Not To Be Trusted With Knives

{October 1, 2007}   My First Ever Camping Trip

So, once upon a time I went camping. And then a week of internet-less-ness went by. And then I got really, really, really ridiculously busy at work. And then I could finally blog about it.

While I was packing for my camping trip:

Me: I think I’ll bring this little notebook and a pen, in case I have any profound thoughts I need to write down while I’m camping.

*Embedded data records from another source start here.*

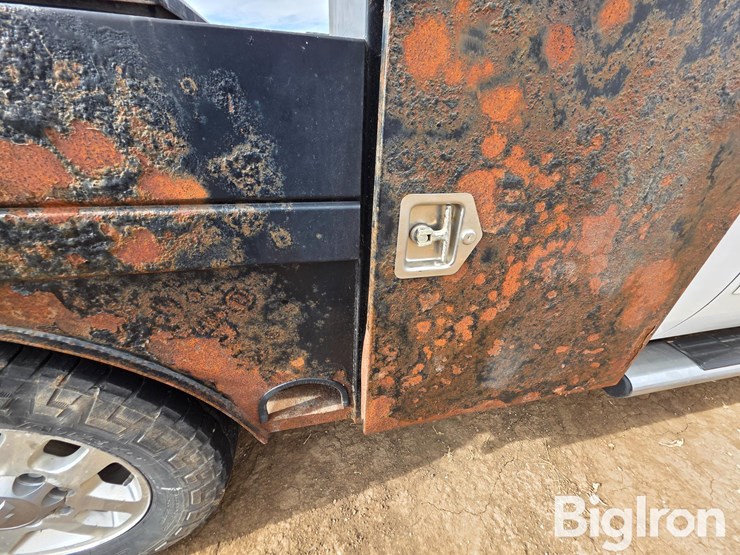 2013-chevrolet-silverado-2500-image-9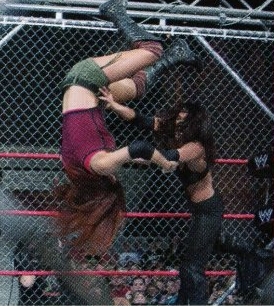 wwemaghol082.jpg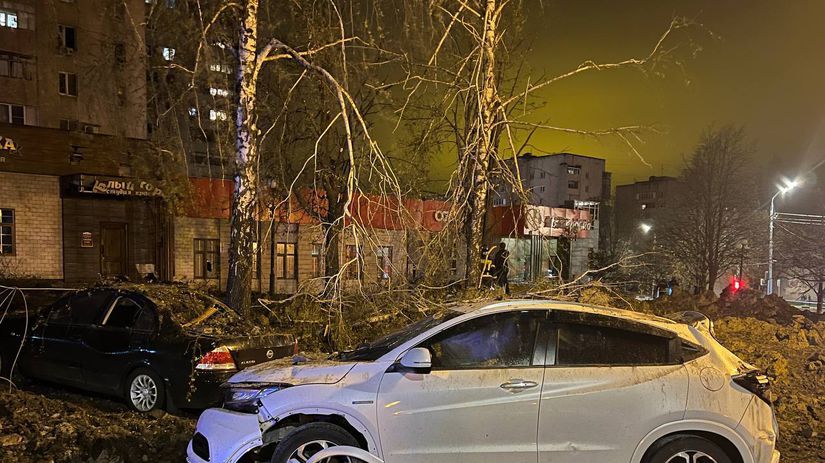 Centrum Belgorodu po dopade ruskej leteckej bomby.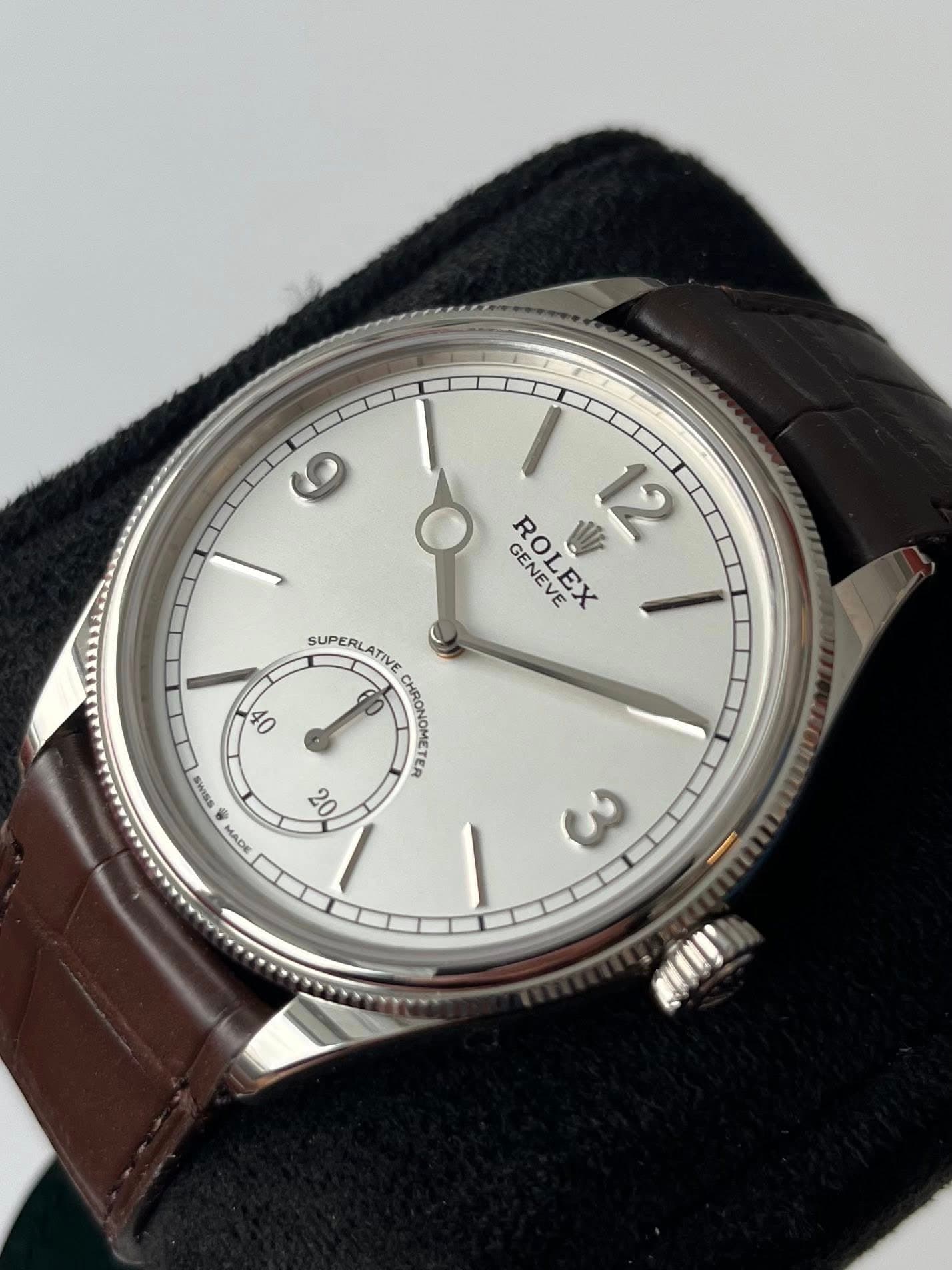 May be an image of wrist watch and text that says '12 GENEVE GENEVE ROLEX ΕΧ 40 SUPERLATIVE CHRONOMET ER SSWPS MAS 糖 M0AY 20 من SAAUD!'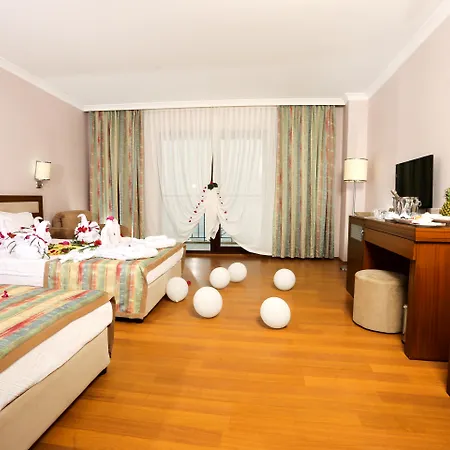 Selectum Family Comfort Side Курортный комплекс Кизилагач
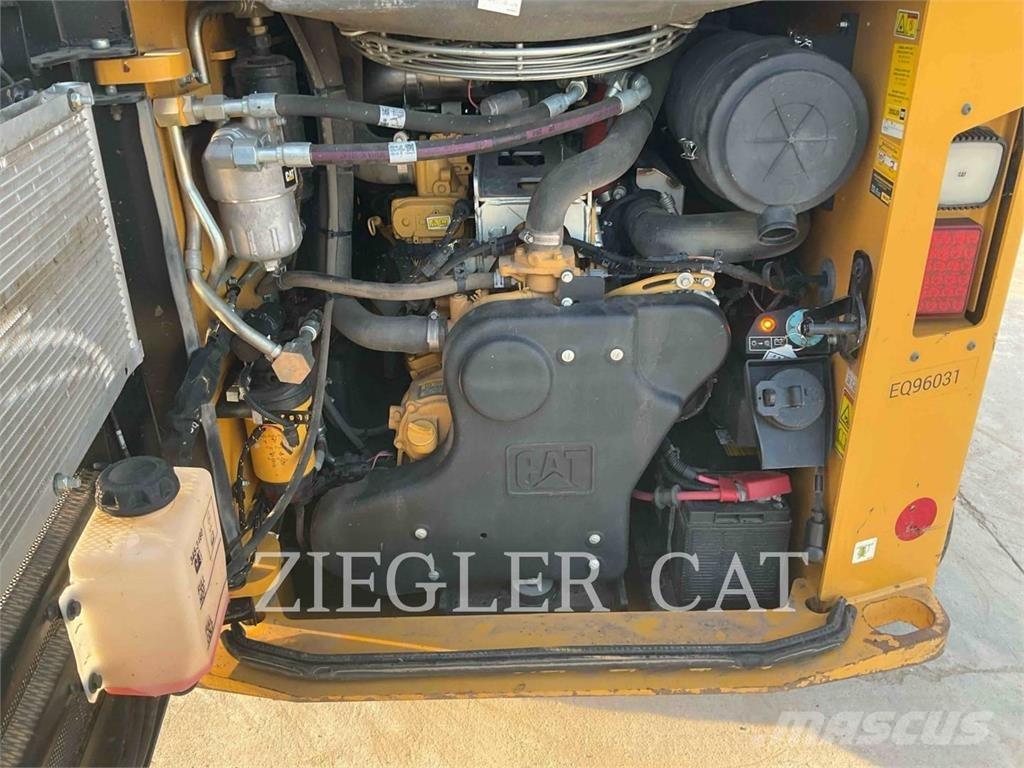 CAT 299D3XE Верижен товарач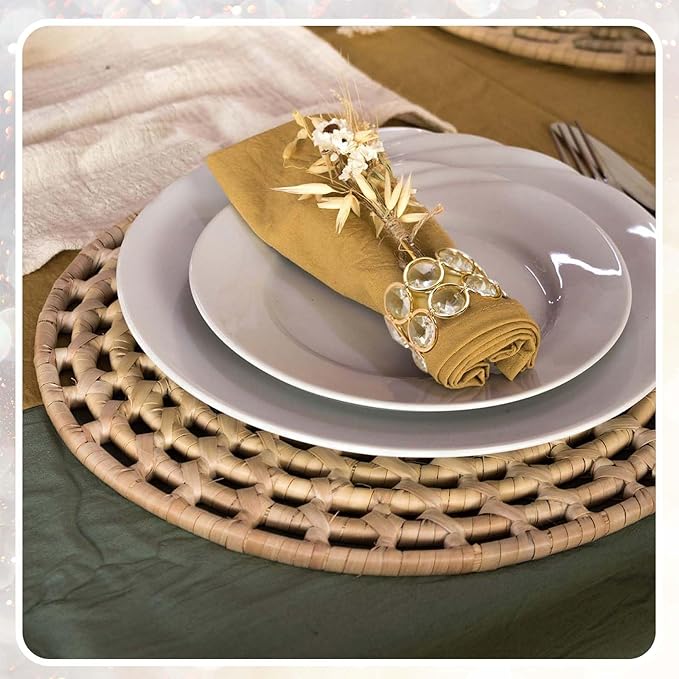 Crystal Metal Napkin Rings Set, Elegant Wedding/Party Table Decor, Shiny Holiday Dinner Accessories Bulk, Bridal Shower Gift, Anniversary, Christmas, Home Decor Essentials (Gold, 6-Pcs)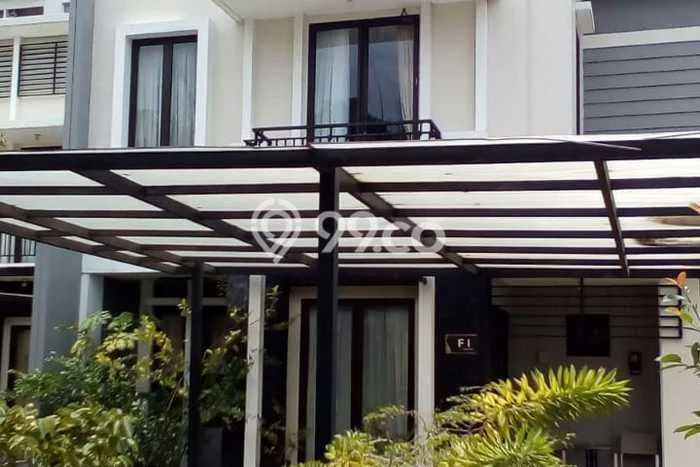 HUNIAN PILIHAN! Rumah di Thamrin, 2 KM, Area Strategis, Luas 300m² Bangunan 300m² HUNIAN PILIHAN! Rumah di Thamrin, 2 KM, Area Strategis, Luas 300m² Bangunan 300m²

Dani: You mean in case you have any ideas for your blog.


Me: Yes, yes I do.

Just to give you some background, this was the first time in my entire life that I ever slept in a tent. Seriously. I went to “camp” in grade 8, where we slept in cabins. And I’ve been to my friend Erika’s cabin. And I went to someone’s cottage once. And that’s the extent of my “camping” type experiences up until now. My family never did the camping thing when I was growing up and, despite the fact that everyone in Vancouver seems to camp all summer long, no one has ever invited me to go camping with them until Rachel did three weeks ago.

Rachel has a lot of camping gear, so all I had to bring was my food, clothes and a pillow. Neither of us own a car and it turned out to be much cheaper to rent one than to use a co-op car (which seems to be true of the longer trips, and we were driving pretty far). Rachel did all the planning (did I ever mention that Rachel rocks??) and I honestly didn’t even know exactly where we were heading when we left on the Friday afternoon. It turns out we camped at Nairn Falls Provincial Park on Friday night, then headed out to Joffre Lakes to hike on Saturday.

To give you some perspective, Nairn is about 150 km north of Vancouver. And Joffre, unlike what Rachel’s hiking guide book told us, is about 40 km past that. Rachel’s guide book said “Drive 190 km north past Whistler & Pemberton,” so we got up quite early on Friday expecting to drive 190 km (as Nairne is near Pemberton). What the guide book should have said was “Drive 190 km north of Vancouver, going past Whistler & Pemberton.” Minor details.

We left Vancouver in the afternoon and arrived at our campsite in time to pitch our tent while there was still some sunlight, with time to then enjoy the glorious sunset. We also had, in our opinion, the nicest campsite of all the sites in the park. We had a great view of the mountains and the water running by:

I really like this photo we took of ourselves:


Although I think the sunset makes it look like Rachel has a halo and, really, I should have some devil horns to complete the image.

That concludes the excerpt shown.